L'art. 17 al. 3, 1ère phrase, LCR (dans sa teneur

antérieure à la révision du 14 décembre 2001) dispose que lorsqu'un permis

a été retiré pour une période assez longue, il peut être restitué

conditionnellement à l'échéance d'au moins six mois, si l'on peut admettre que

la mesure a atteint son but. L'art. 17 al. 3, 2ème phrase, LCR précise enfin

que la durée légale minimale du retrait (1er al., lettre d) et la durée du

délai d'épreuve lié au retrait de sécurité (al. 1bis) ne peuvent être réduites.

b) Selon la jurisprudence (TA, arrêts CR 1999.0193

du 29 décembre 1999; CR 1998.0268 du 29 avril 1999), le délai d'épreuve doit

être distingué des conditions accessoires auxquelles peut être subordonnée la

restitution du permis (voir René Schaffhauser, Grundriss des schweizerischen

Strassenverkehrsrechts, Band III, Die Administrativmassnahmen, n. 2192 ss - délai

d'épreuve - et 2209 ss - conditions et charges). L'échéance du délai d'épreuve

est une condition nécessaire à la restitution, mais non pas suffisante. Pour

les alcooliques et les toxicomanes, l'exigence d'une période d'abstinence

contrôlée constitue l'une de ces conditions accessoires : l'intéressé doit

démontrer qu'il s'est bien comporté durant le délai d'épreuve et que la cause

d'inaptitude a ainsi disparu. Le cas échéant, l'intéressé a droit à la

restitution de son permis. Si les conditions accessoires ne sont que

partiellement remplies, alors que le délai d'épreuve est échu, l'autorité peut

envisager une restitution assortie de nouvelles conditions (voir Schaffhauser,

op. cit., n. 2224).

3.

a) En l'occurrence, le recourant ayant sollicité la

restitution de son droit de conduire, le service intimé a mis en œuvre une

expertise psychiatrique, non sans préciser à l’attention de l’expert que les

frais d’établissement du rapport seraient à la charge du recourant. Faute du

paiement de l’avance de frais de 1'560 fr. 20, réclamée à ce titre par l’expert

mandaté à cet effet, celui-ci n’a pas commencé ses opérations.

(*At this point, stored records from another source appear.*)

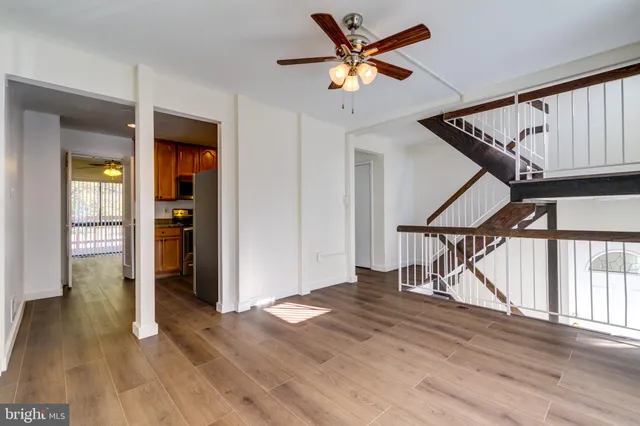 a view of an entryway with wooden floor stairs and a livingroom view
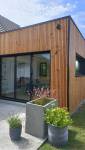 Extension bois vs extension maçonnée : quel choix pour agrandir sa maison ?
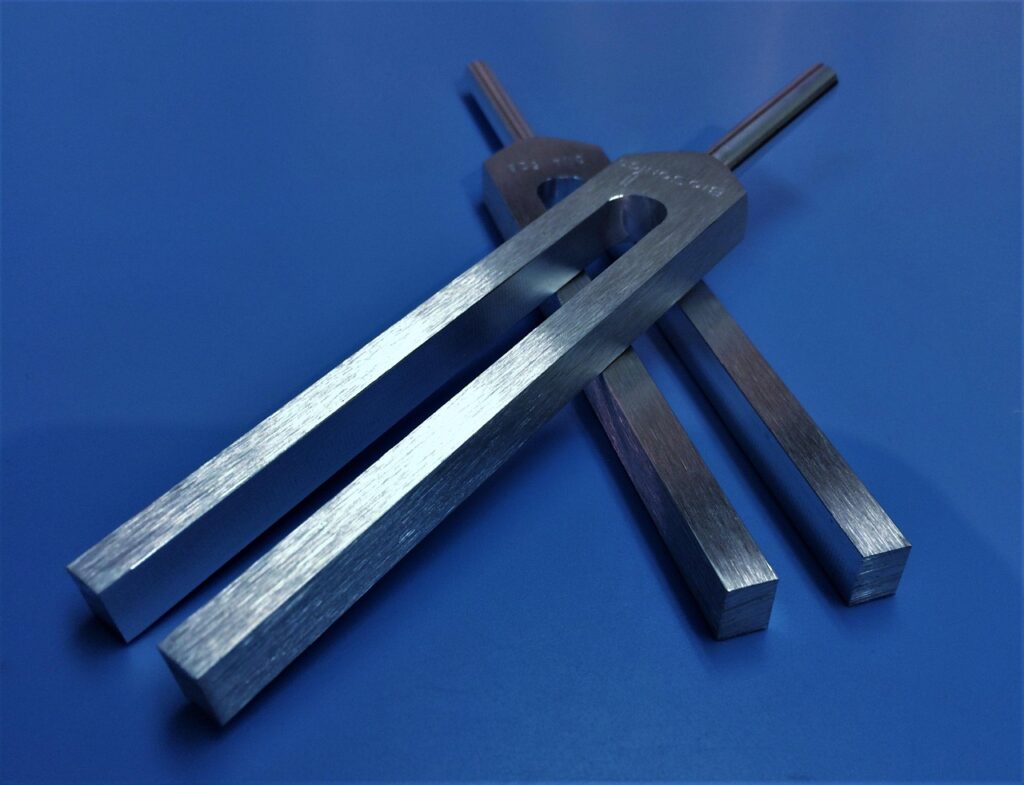 Two silver-metal tuning forks on a blue surface, one laid diagonally on top of the other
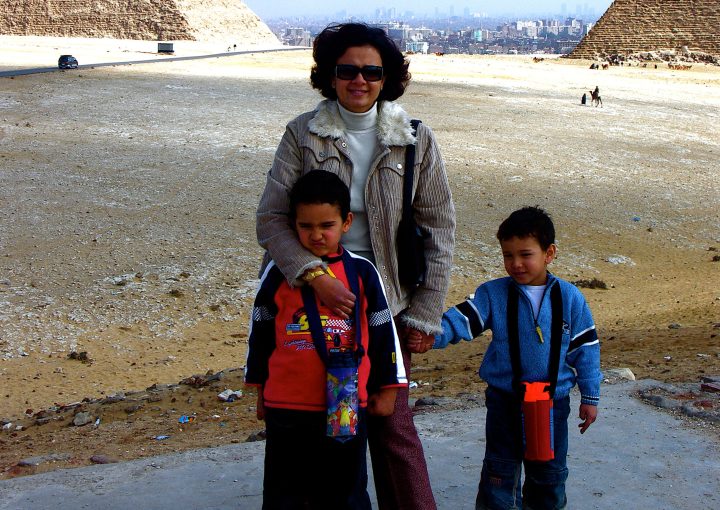 Mom holding the hands of her kids.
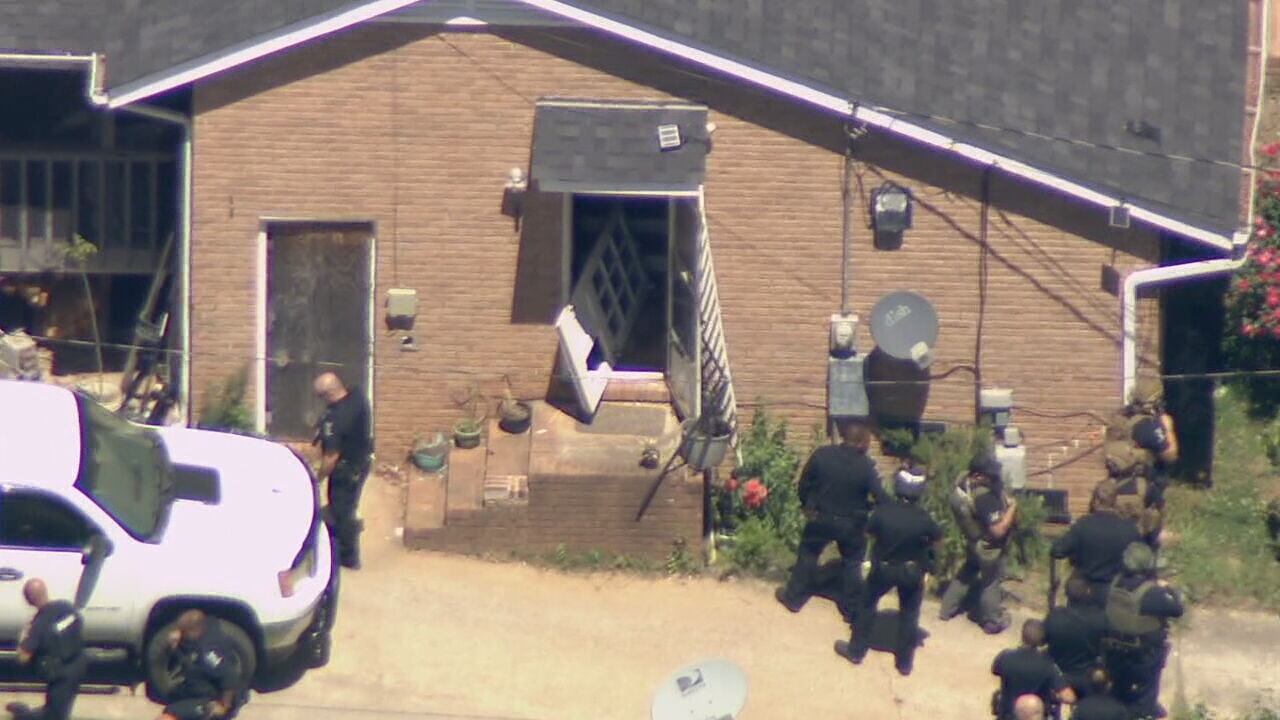 Woman charged with supplying gun to felon who killed 4 officers in 2024 ambush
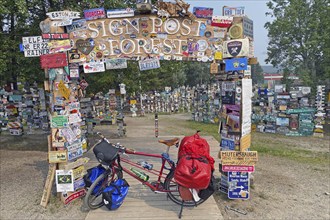 Bicycle with luggage in front of town and road signs in the signpost forest, cycling trip, cycling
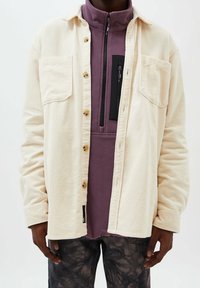 Crème gekleurde corduroy shirtjas met knoopsluiting en twee borstzakken; gedragen over een paarse fleece top met een ritszak.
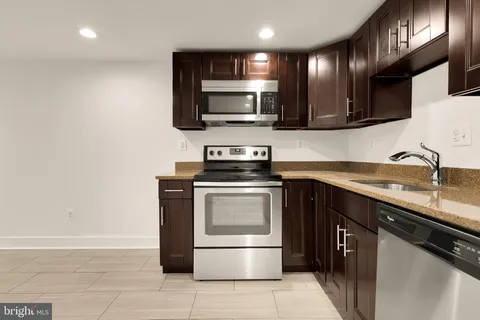 a kitchen with stainless steel appliances granite countertop a refrigerator a stove a sink and a microwave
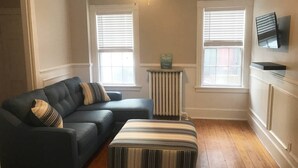 A living room with a sectional sofa, an ottoman, a ceiling fan, and a radiator.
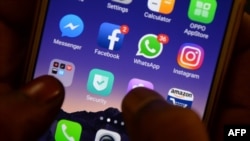 FILE - This photo taken on March 22, 2018 shows apps for WhatsApp, Facebook, Instagram and other social networks on a smartphone.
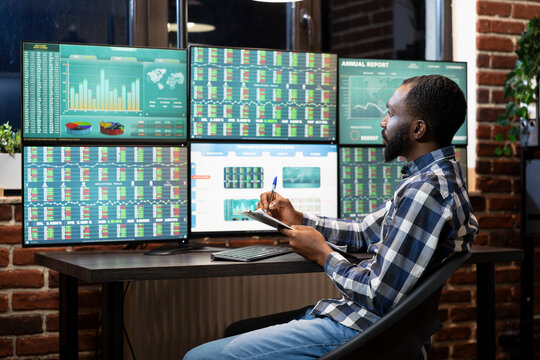 African american forex trader studies live market data on multiple monitors, taking notes on his clipboard in modern workspace. He remains focused during a trading session at tech savvy workstation.
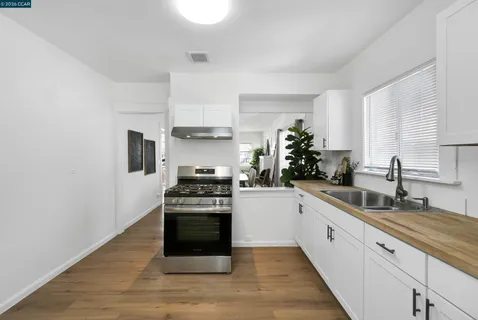 a kitchen with white cabinets and appliances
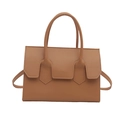 Minimalist tan crossbody bag with cylindrical handles and arrow-shaped stitching detail - Khaki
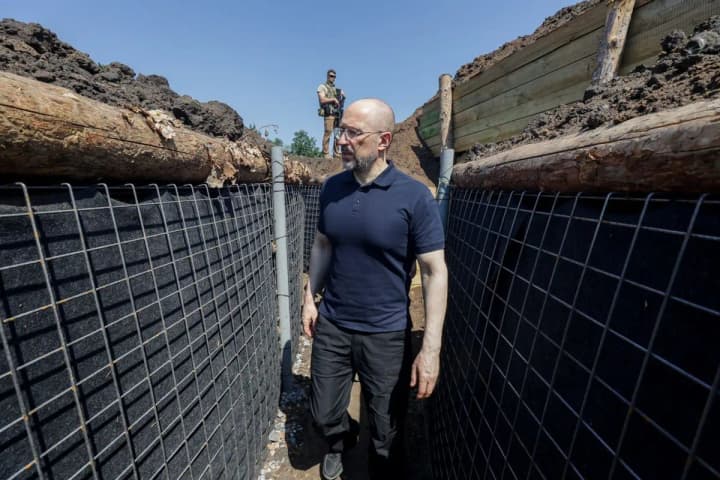 Shmyhal inspects construction of fortifications in Kharkiv region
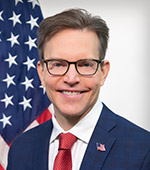 Headshot of Frank Schuler. Frank wears a blue plaid suit with a red tie.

Le recourant est ainsi privé de son permis depuis le

26.

mai 2000. Le délai de cinq ans de l’art. 23 al. 3 LCR (disposition inchangée

dans le droit révisé) étant atteint, le recourant a droit à ce qu’une nouvelle

décision soit prise. L’autorité intimée ne s'oppose pas à un réexamen, mais

réserve sa décision jusqu'au dépôt du rapport demandé à l'UMTR. Or, l'expertise

requise, subordonnée au versement de l'avance des frais, n'a pas été établie si

bien qu'en l'état le recourant ne remplit pas les conditions de la levée de la

mesure administrative litigieuse.

Au vrai, de tels frais d’expertise incombent à

l’administré concerné, selon l’art. 27 let. b du règlement du 7 juillet 2004

sur les émoluments perçus par le Service des automobiles et de la navigation

(RSV 741.15.1). L’art. 3 al. 1 du même règlement prévoit que les émoluments

sont payés en général sur facture, mais qu'ils peuvent être réclamés d’avance,

comptant, ou contre remboursement.

b) Toutefois, l'art. 16 du règlement du 8 janvier

2001.

fixant les émoluments en matière administrative (REMA, abrégé RE-Adm, in

RSV 172.55.1) permet de dispenser le justiciable de tout ou partie des

émoluments, frais spéciaux ou débours prévus par le règlement dans les cas

d'indigence dûment constatés. Or, le tribunal a déjà eu l'occasion d'appliquer

l'art.16 REMA aux frais d'une mesure d'instruction requise par la partie (cf arrêt

CR 2003.0155 du 5 novembre 2003, dans lequel le Service des automobiles a été

invité à statuer sur la demande de restitution du droit de conduire sans

subordonner l'instruction de la cause au paiement d'anciens frais et des frais

d'une nouvelle expertise; en outre, dans le même sens CR 2004.0100 du 29

décembre 2005).

c) Au vu du dossier et des explications apportées

par le recourant (qui déclare des revenus mensuels de 2850 fr.), celui-ci ne

serait pas indigent au sens où on l'entend en matière d'assistance judiciaire

(art. 40 LJPA; RE.2006.0016, p. 4 du 20 juillet 2006). Il n' y a cependant pas

lieu de retarder encore la procédure pour compléter l'instruction sur ce point

de fait; le recourant s'est déclaré en mesure d'effectuer l’avance de frais

requise par l’UMTR en quatre versements successifs: il convient d'en prendre

acte et d'autoriser le recourant à s'acquitter de cette avance en quatre

acomptes. L’expertise devra débuter dès le versement du premier des quatre

acomptes.

4.

En définitive, le prononcé attaquée doit être annulé et le

dossier renvoyé à l’autorité intimée pour qu’elle prenne une nouvelle décision

qui subordonne la reprise de l'instruction au premier des quatre acomptes dus

sur l'avance des frais d'expertise requis par l'UMTR.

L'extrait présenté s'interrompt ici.